The answer is for the server to set the HTTP Content-Disposition
header in the response:
Content-Disposition: attachment;
This assumes the filename on the server is correct. In my case (for complicated and boring reasons), it is not, so I also need to set a filename in in the Content-Disposition
HTTP header, e.g. Content-Disposition: attachment; filename="example.pdf"
.
In my case, the files are stored on a Google Storage bucket. Their name is not the same as the name the user wants (e.g. the file is called export_yVW4Bg-f63rpZIUiXvWct.pdf
but the user wants export_31Jan2022.pdf
).
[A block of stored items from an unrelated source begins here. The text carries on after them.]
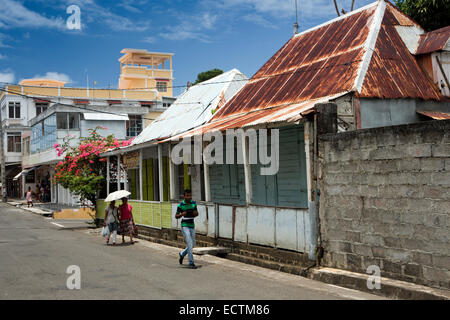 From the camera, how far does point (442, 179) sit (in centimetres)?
734

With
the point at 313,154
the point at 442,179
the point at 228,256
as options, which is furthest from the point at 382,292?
the point at 228,256

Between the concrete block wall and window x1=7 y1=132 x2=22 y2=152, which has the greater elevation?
window x1=7 y1=132 x2=22 y2=152

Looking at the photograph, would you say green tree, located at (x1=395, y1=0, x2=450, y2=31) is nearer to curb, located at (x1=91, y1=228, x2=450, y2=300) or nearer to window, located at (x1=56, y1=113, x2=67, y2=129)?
curb, located at (x1=91, y1=228, x2=450, y2=300)

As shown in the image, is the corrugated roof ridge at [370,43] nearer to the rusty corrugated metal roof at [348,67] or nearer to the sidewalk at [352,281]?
the rusty corrugated metal roof at [348,67]

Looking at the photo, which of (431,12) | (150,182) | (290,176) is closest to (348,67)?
(290,176)

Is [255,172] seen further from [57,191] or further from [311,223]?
[57,191]

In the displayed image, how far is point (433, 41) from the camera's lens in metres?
12.5

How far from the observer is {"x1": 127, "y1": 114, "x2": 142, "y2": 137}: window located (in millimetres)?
42906

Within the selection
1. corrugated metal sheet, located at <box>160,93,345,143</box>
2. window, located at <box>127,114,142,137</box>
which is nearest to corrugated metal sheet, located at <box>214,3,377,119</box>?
corrugated metal sheet, located at <box>160,93,345,143</box>

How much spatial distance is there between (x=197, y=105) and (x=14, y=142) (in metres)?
41.3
So when I create the file, I also need to set the Content-Disposition
header accordingly.
This code snippet is part of a Google Cloud Function running on NodeJS, and I’m using the @google-cloud/storage library:
const { Storage } = require("@google-cloud/storage");
// Set the metadata to make the PDF download correctly
const setFileMetadata = async (
bucketName,
fileName,
downloadFileName
) => await storage
.bucket(bucketName)
.file(fileName)
.setMetadata({
contentDisposition: `attachment; filename="${downloadFileName}"`,
contentType: contentType,
});
await setFileMetadata("my-unique-bucket-name", "export_yVW4Bg-f63rpZIUiXvWct.pdf", "export_31Jan2022.pdf");
Google’s engineers have posted a more comprehensive code sample, showing how you can also set other headers (e.g. cache-control
) and metadata on the file.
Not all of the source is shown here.